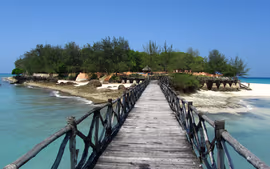 ISLA ZANZIBAR 5*: HOTEL SBH MONICA (7 NOCHES EN HABITACIÓN DELUXE EN TI )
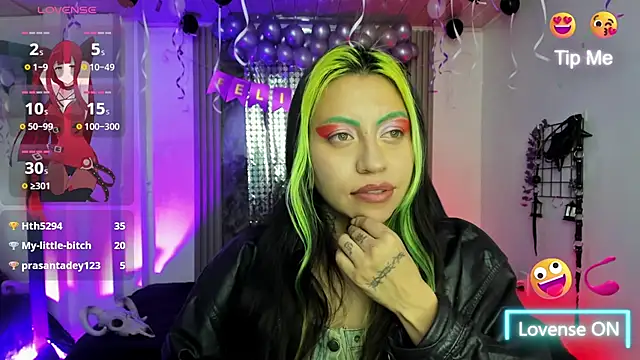 Snapshot of midory_ chatting on November 5, 2025, 4:34 am midory online show from November 5, 2025, 4:34 am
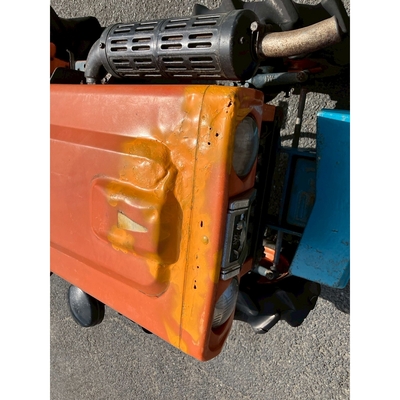 KUBOTA トラクター B7001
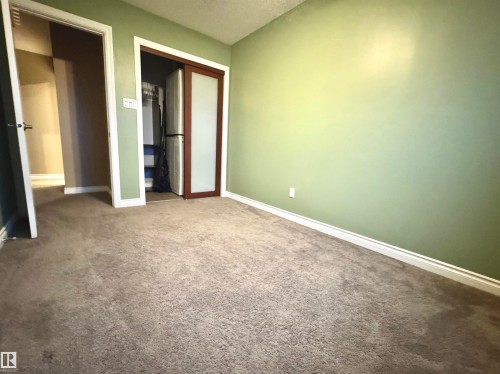 #18 10616 123 St Nw, Edmonton, AB - Indoor Photo Showing Other Room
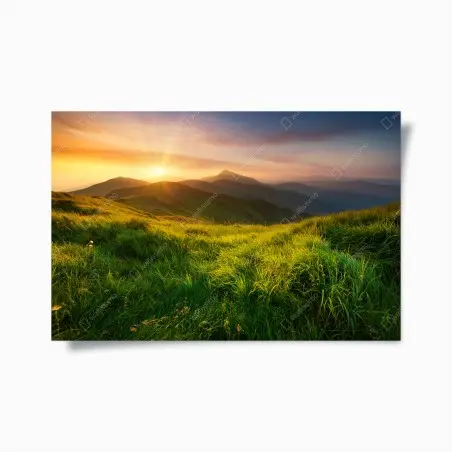 Póster amanecer dorado en el valle montañoso – Pixers®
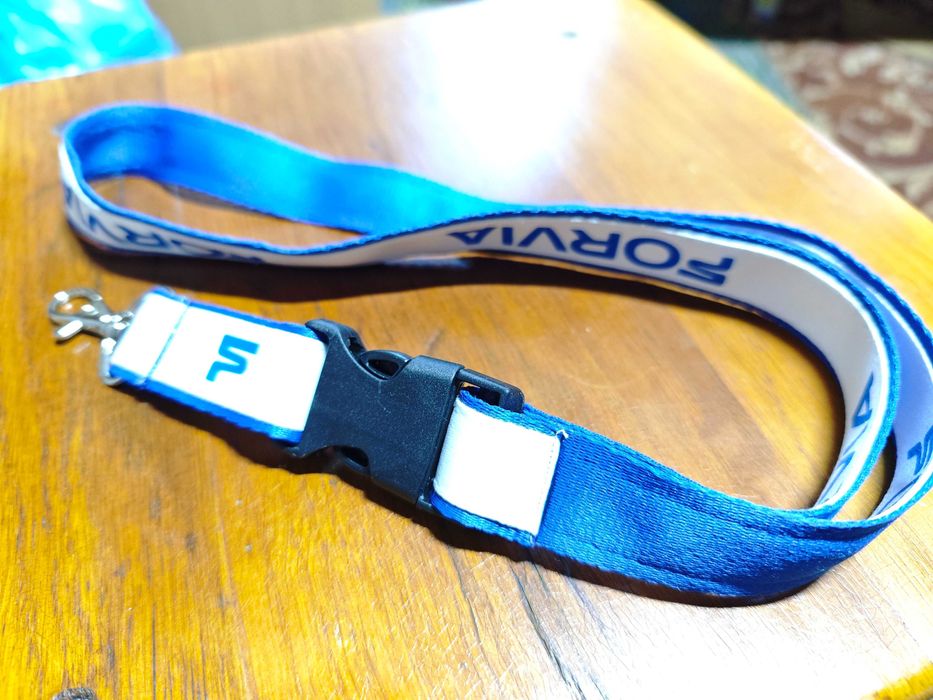 Регульований ремінець для телефону з карабіном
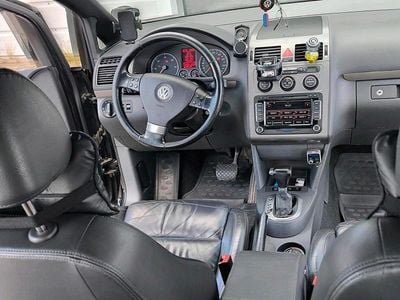 VW Touran Cross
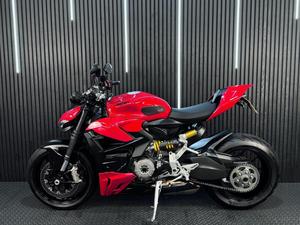 Ducati Streetfighter V2 2020 a 2025: Motocicletas deportivas usadas de gran apariencia en venta - Product Image 6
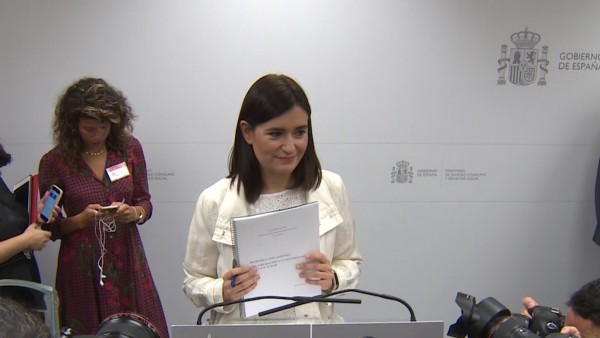 Carmen Montón enseña su TFM Carmen Montón enseña su TFM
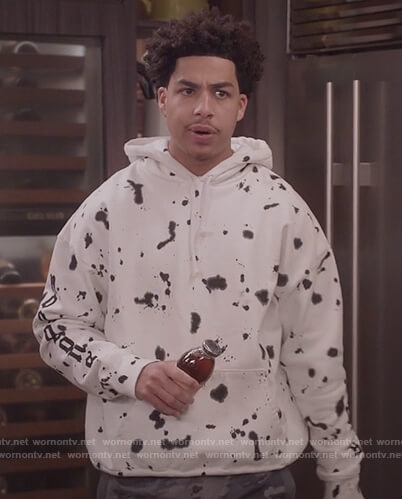 Junior's white printed hoodie on Black-ish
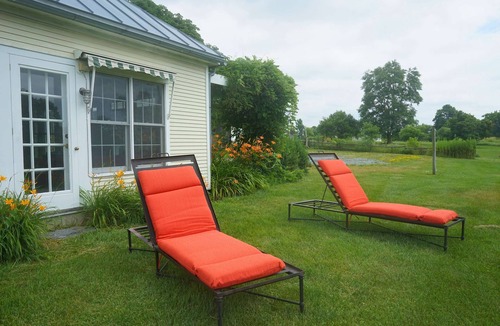 Addison Cottage | Serene, sun splashed cottage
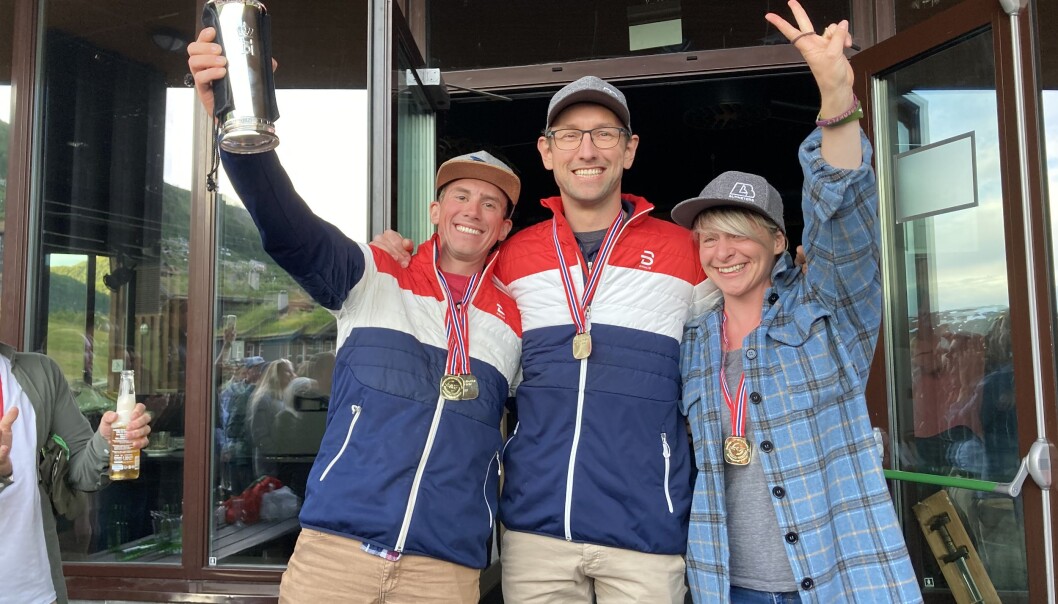 Zion fikk kongepokal for seieren i freefly i fjor Zion fikk kongepokal for seieren i freefly i fjor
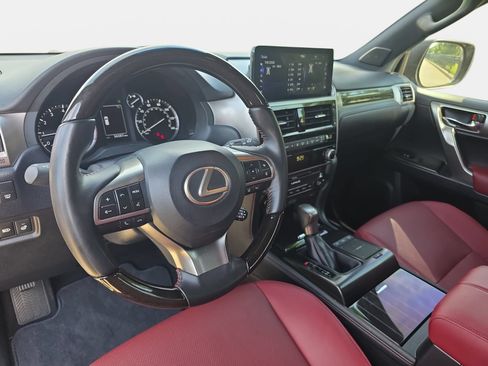 Used 2023 Lexus GX 460 Premium w/ Premium Plus Package AWD/4WD image 15
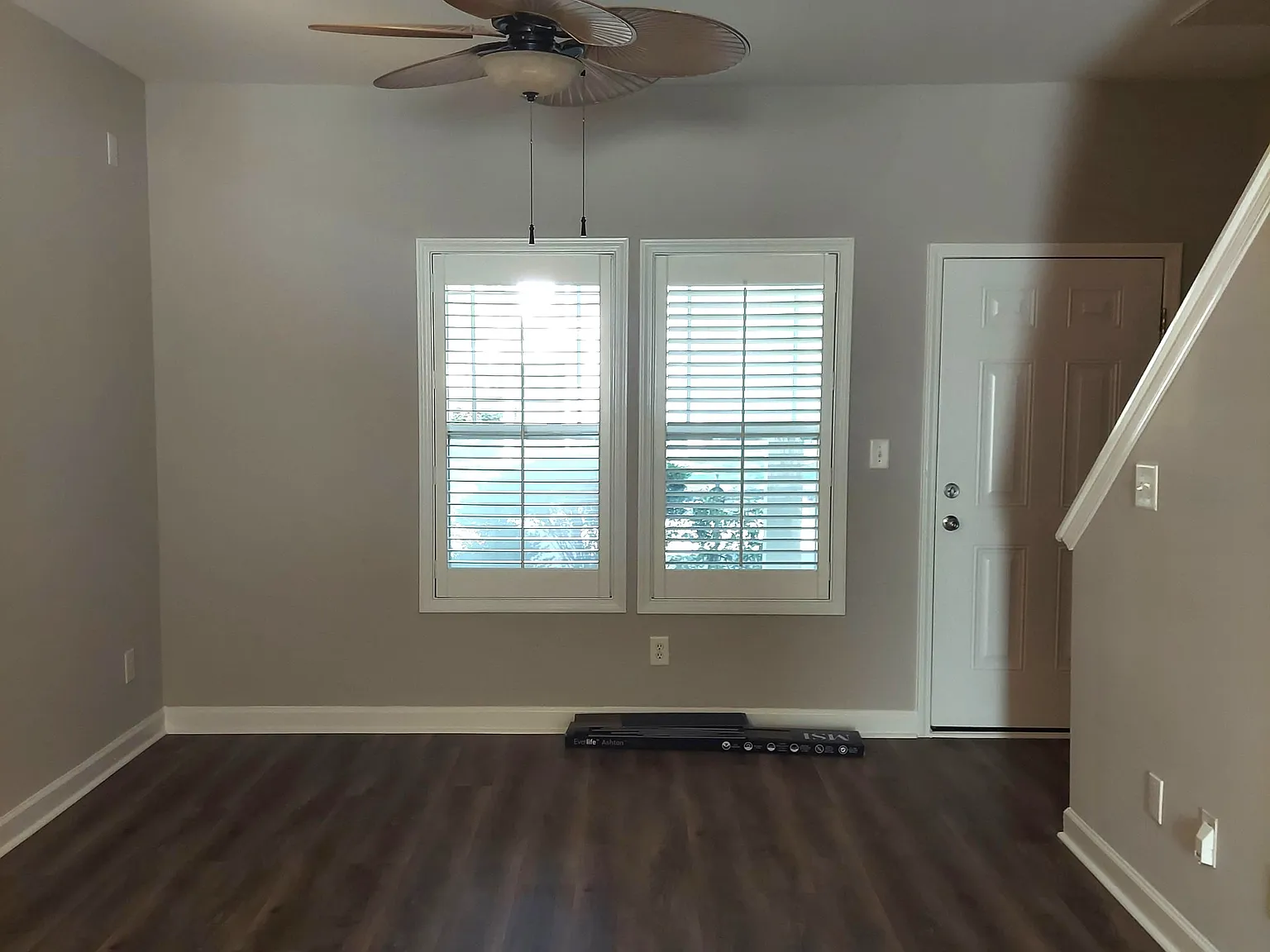 Upgraded 2 bedroom 2.5 bath end unit townhome in Huntersville. — Photo 3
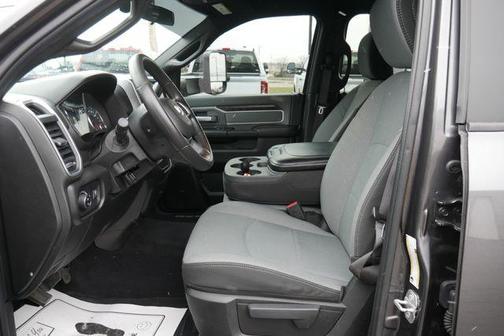 Granite Crystal Metallic Clearcoat 2022 RAM 2500 Big Horn Crew Cab 4x4 6'4' Box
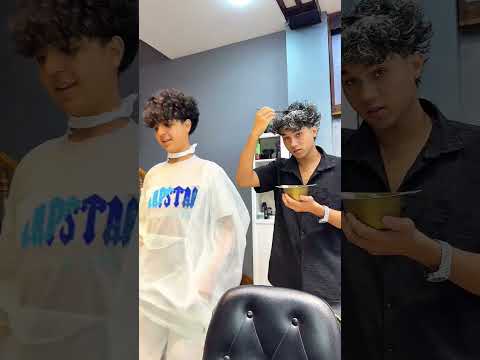 طلب معايه قبل محلق لزبو ده انى ارجع شعرى اسود تانى 😱😱❤️‍🔥 #طاطا_الحلاق #shorts #haircut
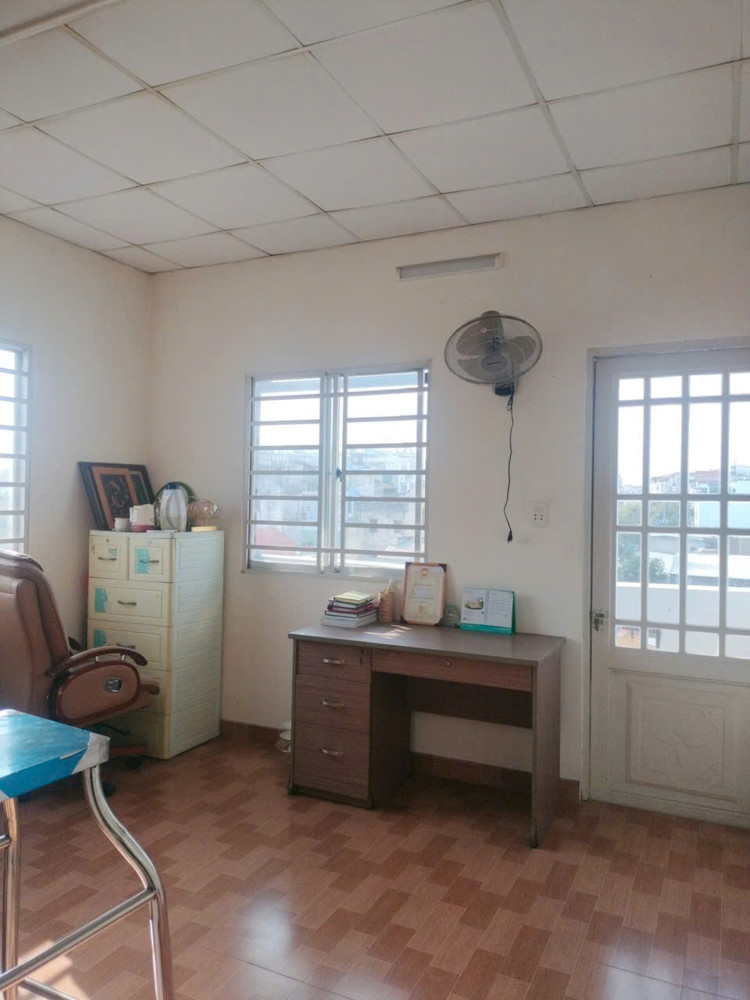 Nhà Đẹp 4 Tầng Sổ Hồng Riêng- Nguyễn Văn Quỳ, Phú Thuận, Quận 7- Chỉ 4,4 Tỷ - Không Cón Căn Thứ 2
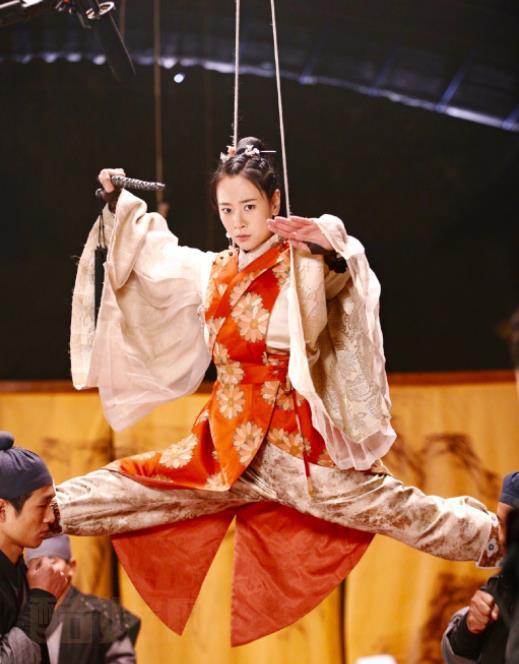 韩春南剧照合集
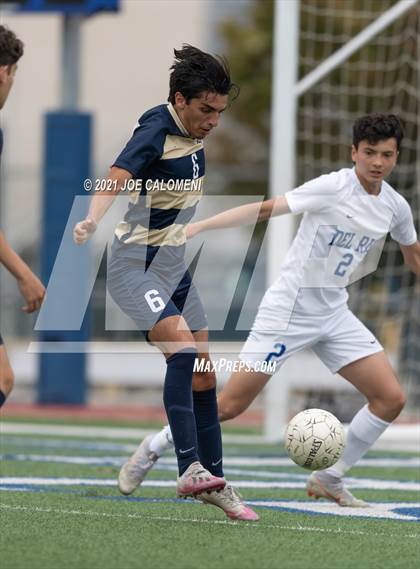 Thumbnail 2 in Alexander vs Del Rio (UIL 6A Region 4 Quarterfinal) photogallery.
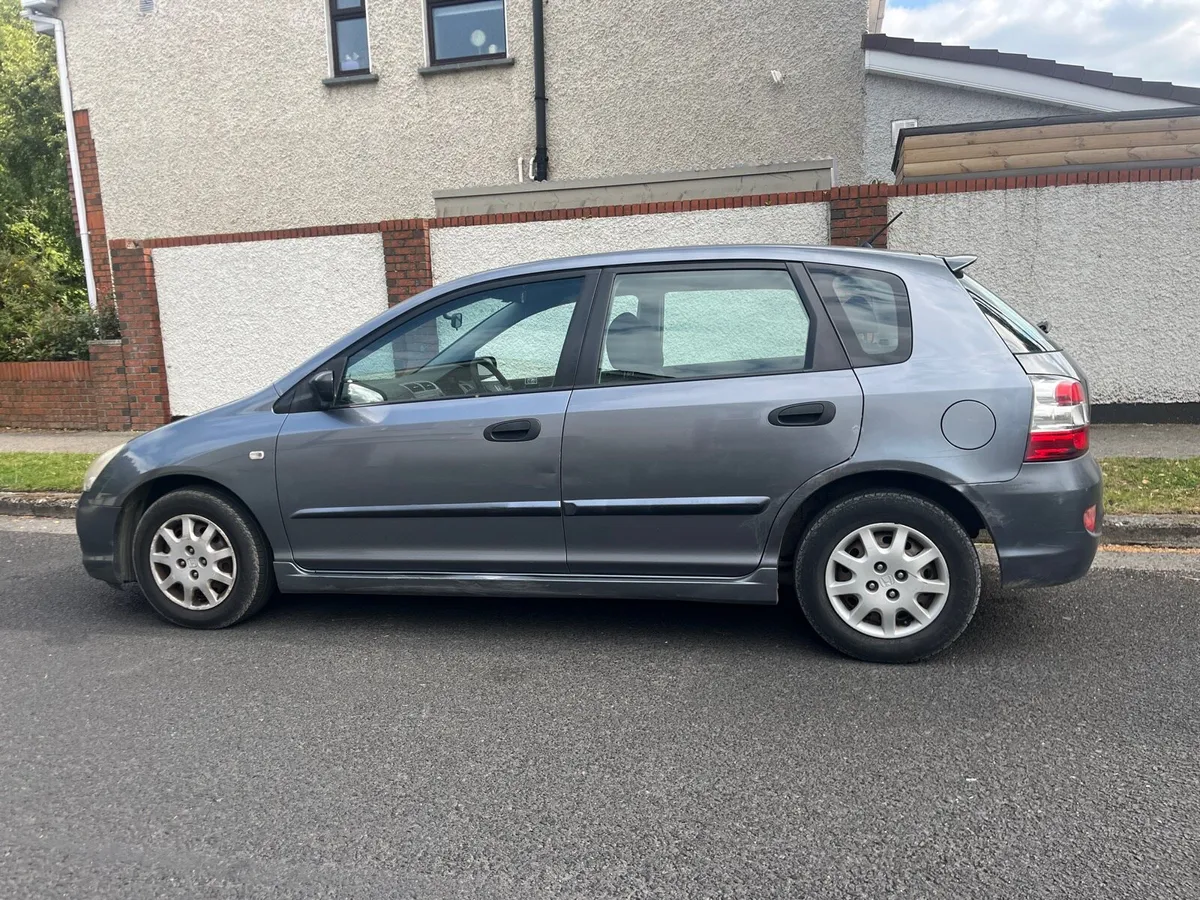 2004 Honda Civic - NCT - 95k miles - Image 4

----

Extract every line of the data exactly; pictures stay out.

 ISLA ZANZIBAR 5*: HOTEL SBH MONICA (7 NOCHES EN HABITACIÓN DELUXE EN TI )
 Snapshot of midory_ chatting on November 5, 2025, 4:34 am midory online show from November 5, 2025, 4:34 am
 KUBOTA トラクター B7001
 #18 10616 123 St Nw, Edmonton, AB - Indoor Photo Showing Other Room
 Póster amanecer dorado en el valle montañoso – Pixers®
 Регульований ремінець для телефону з карабіном
 VW Touran Cross
 Ducati Streetfighter V2 2020 a 2025: Motocicletas deportivas usadas de gran apariencia en venta - Product Image 6
 Carmen Montón enseña su TFM Carmen Montón enseña su TFM
 Junior's white printed hoodie on Black-ish
 Addison Cottage | Serene, sun splashed cottage
 Zion fikk kongepokal for seieren i freefly i fjor Zion fikk kongepokal for seieren i freefly i fjor
 Used 2023 Lexus GX 460 Premium w/ Premium Plus Package AWD/4WD image 15
 Upgraded 2 bedroom 2.5 bath end unit townhome in Huntersville. — Photo 3
 Granite Crystal Metallic Clearcoat 2022 RAM 2500 Big Horn Crew Cab 4x4 6'4' Box
 طلب معايه قبل محلق لزبو ده انى ارجع شعرى اسود تانى 😱😱❤️‍🔥 #طاطا_الحلاق #shorts #haircut
 Nhà Đẹp 4 Tầng Sổ Hồng Riêng- Nguyễn Văn Quỳ, Phú Thuận, Quận 7- Chỉ 4,4 Tỷ - Không Cón Căn Thứ 2
 韩春南剧照合集
 Thumbnail 2 in Alexander vs Del Rio (UIL 6A Region 4 Quarterfinal) photogallery.
 2004 Honda Civic - NCT - 95k miles - Image 4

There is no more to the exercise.